**About this task**
Pick out the lines below that contain the string "before" and copy them all.

**Records supplied**

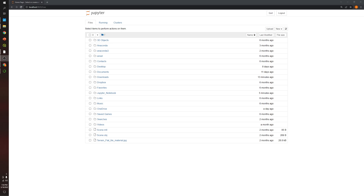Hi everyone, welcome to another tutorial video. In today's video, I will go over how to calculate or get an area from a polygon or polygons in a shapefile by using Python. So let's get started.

---

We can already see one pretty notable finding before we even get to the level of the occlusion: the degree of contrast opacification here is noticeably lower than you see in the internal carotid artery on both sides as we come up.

...

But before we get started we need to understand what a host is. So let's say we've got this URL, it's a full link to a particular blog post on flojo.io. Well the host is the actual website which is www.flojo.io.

**Answer to this problem**
We can already see one pretty notable finding before we even get to the level of the occlusion: the degree of contrast opacification here is noticeably lower than you see in the internal carotid artery on both sides as we come up.
But before we get started we need to understand what a host is. So let's say we've got this URL, it's a full link to a particular blog post on flojo.io. Well the host is the actual website which is www.flojo.io.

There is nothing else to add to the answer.